_How to complete this task_
Begin at the line holding "IWheel IV-317 9.0x22/6x139.7" and set down exactly each line through the last one below, omitting pictures. Include nothing else.

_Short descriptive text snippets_

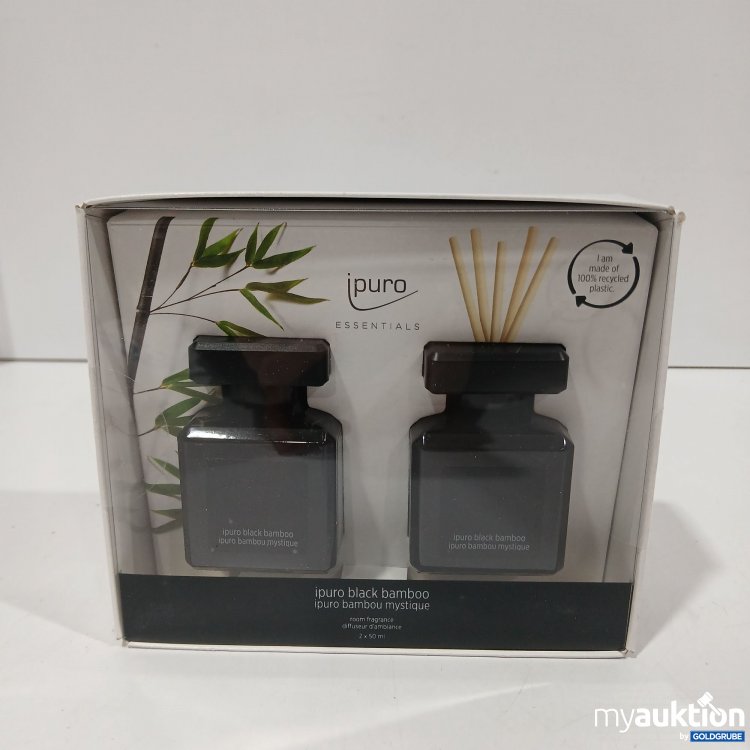 Artikel Nr. 888509: Ipuro Essentials ipuro black bamboo 2x50ml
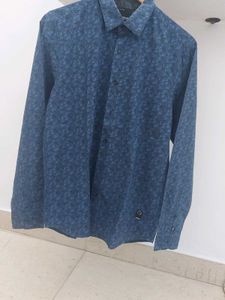 Stylish Patterned Shirt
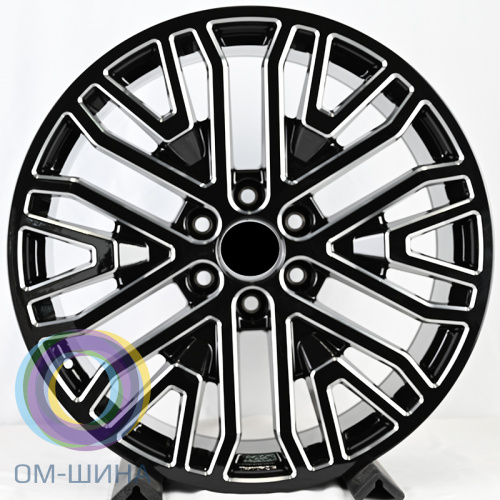 IWheel IV-317 9.0x22/6x139.7 D78.1 ET28 B+Milling
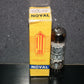 ECL82 6BM8 EI Philips NOS NIB Yugoslavia Dimpled disc getter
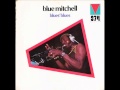 Blue Mitchell - Granite and Concrete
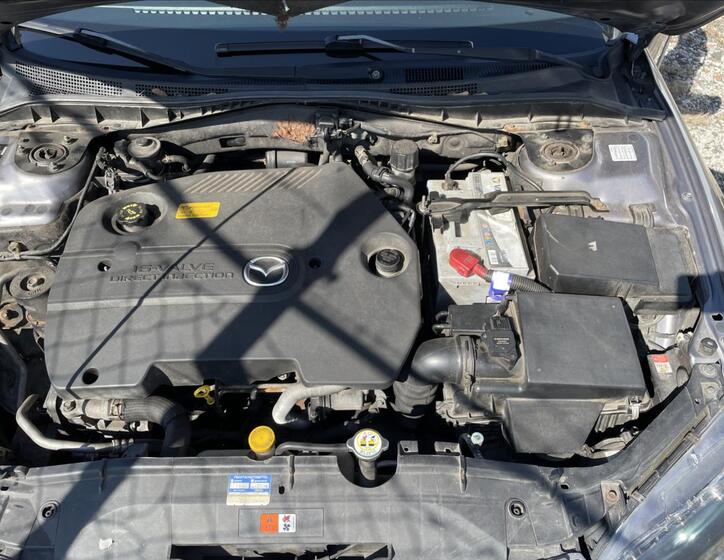 Mazda 6 26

_Output for this task_
 IWheel IV-317 9.0x22/6x139.7 D78.1 ET28 B+Milling
 ECL82 6BM8 EI Philips NOS NIB Yugoslavia Dimpled disc getter
 Blue Mitchell - Granite and Concrete
 Mazda 6 26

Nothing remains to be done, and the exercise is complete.